The exercise must be done multiple times daily for the dog to effectively understand the command. This command is effective because it maintains the dog’s self-control, which is especially important in hyper-energetic dogs.
You may teach this instruction by holding a treat in both hands. Putting one hand near the dog’s face – allowing him to smell and lick it – and commanding him to “Leave it.”
The dog will lick and smell the treat at first, and may even bark to get it, but he will ultimately lose interest. That’s when you’ll hand over the treat you’ve been hiding on the other closed hand.
Repeat the exercise until the dog abandons the first treatment as soon as he hears “Leave it,” and when he returns for the second treat, you give him and show affection. This activity must be done every day until the dog knows it completely.
This command may be taught by placing a collar and leash on your dog at a set distance from you and commanding him to “Come” towards you while pulling the leash a little.

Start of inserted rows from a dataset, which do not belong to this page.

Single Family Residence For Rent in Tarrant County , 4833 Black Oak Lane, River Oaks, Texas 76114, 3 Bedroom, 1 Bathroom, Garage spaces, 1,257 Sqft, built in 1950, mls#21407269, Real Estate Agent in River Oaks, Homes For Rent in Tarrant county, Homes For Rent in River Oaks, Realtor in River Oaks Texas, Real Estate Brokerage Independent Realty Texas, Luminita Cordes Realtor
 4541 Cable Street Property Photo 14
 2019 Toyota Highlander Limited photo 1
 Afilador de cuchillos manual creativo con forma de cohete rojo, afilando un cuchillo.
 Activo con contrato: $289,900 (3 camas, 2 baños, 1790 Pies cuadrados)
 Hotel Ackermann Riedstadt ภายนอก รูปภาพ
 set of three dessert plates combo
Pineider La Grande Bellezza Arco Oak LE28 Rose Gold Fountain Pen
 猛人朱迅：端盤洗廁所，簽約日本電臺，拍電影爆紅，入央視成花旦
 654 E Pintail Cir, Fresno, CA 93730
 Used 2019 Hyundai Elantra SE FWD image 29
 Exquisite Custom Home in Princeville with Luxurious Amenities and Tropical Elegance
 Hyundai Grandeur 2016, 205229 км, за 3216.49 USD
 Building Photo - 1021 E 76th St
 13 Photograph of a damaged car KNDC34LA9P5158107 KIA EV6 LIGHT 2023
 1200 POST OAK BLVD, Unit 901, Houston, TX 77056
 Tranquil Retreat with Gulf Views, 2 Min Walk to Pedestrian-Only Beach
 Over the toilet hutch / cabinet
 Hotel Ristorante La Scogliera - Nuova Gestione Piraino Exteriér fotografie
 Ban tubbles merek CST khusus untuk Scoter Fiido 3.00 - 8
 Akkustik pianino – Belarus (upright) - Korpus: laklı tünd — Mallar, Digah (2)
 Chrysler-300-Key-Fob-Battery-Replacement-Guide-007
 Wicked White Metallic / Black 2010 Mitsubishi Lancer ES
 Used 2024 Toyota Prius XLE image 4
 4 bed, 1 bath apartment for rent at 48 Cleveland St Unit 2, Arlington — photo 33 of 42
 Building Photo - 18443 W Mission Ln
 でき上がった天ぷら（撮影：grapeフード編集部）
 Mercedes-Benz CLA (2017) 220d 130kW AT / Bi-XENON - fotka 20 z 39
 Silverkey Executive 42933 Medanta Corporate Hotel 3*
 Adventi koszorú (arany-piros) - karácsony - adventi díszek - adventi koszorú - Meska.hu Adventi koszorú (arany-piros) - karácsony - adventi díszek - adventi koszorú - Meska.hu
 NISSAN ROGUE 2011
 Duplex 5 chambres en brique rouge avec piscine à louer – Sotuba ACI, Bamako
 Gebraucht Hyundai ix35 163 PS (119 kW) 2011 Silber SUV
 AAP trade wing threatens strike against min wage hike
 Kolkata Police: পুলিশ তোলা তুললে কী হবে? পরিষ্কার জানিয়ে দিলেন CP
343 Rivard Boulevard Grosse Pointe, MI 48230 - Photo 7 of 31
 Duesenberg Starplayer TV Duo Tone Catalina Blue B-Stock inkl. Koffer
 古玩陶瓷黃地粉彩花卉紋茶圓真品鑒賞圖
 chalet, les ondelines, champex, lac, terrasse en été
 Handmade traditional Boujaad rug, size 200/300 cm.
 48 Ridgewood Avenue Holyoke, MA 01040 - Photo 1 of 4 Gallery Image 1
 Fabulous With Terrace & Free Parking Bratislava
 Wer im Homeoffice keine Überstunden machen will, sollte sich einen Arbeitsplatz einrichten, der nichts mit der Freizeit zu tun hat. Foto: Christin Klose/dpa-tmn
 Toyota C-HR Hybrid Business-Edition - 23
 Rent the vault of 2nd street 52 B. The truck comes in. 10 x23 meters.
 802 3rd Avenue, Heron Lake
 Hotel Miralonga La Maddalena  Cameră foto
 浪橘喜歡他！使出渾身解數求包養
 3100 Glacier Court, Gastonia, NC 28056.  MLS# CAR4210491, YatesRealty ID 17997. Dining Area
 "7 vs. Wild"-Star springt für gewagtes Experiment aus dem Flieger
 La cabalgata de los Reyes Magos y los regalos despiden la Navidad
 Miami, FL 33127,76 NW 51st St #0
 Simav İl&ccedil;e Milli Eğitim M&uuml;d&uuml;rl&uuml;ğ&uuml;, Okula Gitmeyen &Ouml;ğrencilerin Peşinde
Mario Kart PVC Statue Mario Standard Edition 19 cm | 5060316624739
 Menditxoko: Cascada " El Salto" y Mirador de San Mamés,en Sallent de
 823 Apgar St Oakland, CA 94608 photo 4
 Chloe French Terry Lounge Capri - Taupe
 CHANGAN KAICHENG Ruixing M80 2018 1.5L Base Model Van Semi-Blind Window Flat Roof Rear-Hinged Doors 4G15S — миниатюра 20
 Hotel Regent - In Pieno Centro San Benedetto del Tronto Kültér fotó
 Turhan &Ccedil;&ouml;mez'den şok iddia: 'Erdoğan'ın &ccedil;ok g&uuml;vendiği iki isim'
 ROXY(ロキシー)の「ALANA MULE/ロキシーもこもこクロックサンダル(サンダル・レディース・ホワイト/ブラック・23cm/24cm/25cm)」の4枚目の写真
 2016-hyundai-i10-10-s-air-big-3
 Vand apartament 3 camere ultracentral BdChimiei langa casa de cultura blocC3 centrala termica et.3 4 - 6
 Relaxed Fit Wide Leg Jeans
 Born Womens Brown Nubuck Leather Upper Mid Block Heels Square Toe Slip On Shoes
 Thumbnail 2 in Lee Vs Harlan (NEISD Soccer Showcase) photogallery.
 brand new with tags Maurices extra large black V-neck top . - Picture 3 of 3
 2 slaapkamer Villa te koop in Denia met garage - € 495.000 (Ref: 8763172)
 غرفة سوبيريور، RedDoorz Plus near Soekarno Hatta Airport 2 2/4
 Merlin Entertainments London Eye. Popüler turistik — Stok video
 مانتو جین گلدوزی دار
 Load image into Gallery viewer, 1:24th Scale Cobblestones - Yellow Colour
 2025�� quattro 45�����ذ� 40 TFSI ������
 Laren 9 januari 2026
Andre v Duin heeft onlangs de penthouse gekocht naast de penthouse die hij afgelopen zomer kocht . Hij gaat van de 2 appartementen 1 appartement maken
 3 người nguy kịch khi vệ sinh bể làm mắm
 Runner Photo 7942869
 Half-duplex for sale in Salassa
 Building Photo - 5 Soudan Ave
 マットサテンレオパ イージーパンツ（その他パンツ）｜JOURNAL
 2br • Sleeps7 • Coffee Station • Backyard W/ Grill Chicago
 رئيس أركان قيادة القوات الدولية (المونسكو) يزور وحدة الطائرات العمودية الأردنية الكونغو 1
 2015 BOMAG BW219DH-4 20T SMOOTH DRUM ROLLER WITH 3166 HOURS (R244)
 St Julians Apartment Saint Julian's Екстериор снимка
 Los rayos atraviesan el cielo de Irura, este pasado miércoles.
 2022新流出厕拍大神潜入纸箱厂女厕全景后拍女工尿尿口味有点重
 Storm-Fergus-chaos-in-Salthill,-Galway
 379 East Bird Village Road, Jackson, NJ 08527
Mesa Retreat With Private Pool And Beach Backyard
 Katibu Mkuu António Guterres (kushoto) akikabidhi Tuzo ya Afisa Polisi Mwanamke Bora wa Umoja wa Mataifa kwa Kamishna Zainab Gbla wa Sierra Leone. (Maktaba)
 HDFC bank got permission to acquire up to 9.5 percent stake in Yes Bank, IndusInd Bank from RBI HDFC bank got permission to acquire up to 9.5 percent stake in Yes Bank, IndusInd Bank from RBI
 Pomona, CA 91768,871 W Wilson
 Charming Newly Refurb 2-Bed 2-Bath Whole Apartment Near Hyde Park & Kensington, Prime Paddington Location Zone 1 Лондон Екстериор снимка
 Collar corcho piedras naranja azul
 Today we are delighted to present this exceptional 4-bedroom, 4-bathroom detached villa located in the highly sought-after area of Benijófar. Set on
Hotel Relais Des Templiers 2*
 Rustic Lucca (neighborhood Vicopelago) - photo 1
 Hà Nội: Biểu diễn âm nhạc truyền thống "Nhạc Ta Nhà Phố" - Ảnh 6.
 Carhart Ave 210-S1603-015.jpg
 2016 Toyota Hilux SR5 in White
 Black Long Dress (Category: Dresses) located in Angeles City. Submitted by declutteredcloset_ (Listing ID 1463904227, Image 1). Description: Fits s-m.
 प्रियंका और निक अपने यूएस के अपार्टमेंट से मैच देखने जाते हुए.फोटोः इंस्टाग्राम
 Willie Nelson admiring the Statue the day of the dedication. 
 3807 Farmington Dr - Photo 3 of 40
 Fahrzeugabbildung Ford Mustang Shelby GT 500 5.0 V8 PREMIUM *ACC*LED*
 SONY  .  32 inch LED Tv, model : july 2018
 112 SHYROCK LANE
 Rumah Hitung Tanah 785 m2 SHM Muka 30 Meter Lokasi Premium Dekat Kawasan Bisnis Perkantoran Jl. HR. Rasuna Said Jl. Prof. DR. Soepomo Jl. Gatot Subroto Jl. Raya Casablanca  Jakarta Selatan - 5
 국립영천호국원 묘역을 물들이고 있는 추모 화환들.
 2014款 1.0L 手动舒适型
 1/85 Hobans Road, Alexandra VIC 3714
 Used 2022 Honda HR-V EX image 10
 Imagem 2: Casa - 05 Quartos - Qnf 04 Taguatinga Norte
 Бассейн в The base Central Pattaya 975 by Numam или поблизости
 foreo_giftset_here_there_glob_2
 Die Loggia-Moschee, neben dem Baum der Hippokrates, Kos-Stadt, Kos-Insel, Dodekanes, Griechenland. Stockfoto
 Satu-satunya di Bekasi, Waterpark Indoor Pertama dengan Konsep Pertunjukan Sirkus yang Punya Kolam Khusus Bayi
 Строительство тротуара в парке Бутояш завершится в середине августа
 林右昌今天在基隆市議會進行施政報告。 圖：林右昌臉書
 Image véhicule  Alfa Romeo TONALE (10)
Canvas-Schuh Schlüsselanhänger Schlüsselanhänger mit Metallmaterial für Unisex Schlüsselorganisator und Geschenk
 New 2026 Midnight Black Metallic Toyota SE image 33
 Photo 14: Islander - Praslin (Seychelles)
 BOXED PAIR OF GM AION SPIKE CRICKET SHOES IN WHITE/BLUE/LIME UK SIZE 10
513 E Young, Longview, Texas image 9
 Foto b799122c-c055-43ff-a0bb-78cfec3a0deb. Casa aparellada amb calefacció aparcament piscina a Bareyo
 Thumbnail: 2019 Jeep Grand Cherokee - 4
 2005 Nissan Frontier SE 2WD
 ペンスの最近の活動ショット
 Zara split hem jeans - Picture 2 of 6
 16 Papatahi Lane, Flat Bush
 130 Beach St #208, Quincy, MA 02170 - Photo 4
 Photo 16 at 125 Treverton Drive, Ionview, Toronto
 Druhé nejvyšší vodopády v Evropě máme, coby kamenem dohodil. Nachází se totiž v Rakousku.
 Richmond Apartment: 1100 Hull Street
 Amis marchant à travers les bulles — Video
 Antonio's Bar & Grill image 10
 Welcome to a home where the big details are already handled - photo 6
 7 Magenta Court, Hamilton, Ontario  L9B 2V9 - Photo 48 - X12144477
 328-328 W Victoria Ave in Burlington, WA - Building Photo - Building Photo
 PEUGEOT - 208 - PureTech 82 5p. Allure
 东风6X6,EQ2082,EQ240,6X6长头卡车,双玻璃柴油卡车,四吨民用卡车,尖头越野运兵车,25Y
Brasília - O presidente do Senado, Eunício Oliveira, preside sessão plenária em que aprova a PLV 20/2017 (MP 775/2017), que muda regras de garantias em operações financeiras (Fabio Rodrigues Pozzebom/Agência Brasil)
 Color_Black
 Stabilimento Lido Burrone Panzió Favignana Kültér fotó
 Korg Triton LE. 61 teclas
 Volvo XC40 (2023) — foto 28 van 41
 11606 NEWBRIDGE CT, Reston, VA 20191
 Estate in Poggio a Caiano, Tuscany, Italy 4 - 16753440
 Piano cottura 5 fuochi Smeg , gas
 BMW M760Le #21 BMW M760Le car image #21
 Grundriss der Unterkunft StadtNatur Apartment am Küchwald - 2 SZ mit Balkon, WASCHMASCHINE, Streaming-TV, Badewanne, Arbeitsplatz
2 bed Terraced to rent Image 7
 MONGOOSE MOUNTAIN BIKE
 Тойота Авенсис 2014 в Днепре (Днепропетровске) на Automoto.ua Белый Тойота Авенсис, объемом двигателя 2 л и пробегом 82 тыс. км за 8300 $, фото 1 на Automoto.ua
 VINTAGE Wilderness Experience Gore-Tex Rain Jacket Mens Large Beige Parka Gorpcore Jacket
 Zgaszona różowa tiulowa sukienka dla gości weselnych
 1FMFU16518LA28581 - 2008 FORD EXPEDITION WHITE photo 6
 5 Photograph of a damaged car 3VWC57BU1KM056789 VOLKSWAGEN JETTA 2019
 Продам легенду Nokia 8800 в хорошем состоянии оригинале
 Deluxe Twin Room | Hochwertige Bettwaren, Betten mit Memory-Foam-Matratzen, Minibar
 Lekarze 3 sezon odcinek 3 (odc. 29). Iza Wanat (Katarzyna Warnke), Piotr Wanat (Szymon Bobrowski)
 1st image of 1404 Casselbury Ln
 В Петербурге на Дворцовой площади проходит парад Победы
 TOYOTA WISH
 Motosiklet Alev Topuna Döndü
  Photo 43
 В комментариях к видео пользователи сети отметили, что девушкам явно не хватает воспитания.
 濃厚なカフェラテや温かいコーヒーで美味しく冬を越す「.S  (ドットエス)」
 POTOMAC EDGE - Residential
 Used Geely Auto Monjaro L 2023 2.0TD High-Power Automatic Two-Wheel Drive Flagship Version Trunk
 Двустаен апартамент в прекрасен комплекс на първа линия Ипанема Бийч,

You must offer the dog a treat as soon as he approaches you to make him aware of the aim of the activity – since the dog associates the treat with the exercise.
This activity should be done multiple times a day, and when you’re ready to release the dog, simply say “Okay” and show him attention.
This is a valuable activity because it can defend the dog if he is attempting to get into problems with other dogs, if he runs away in the streets, or if he is attacked by other dogs.
Keep in mind that the following commands, when used correctly by the dog parent, can be a lot of fun for both the dog and the parent, as well as making their lives easier and more joyful. Happy Training!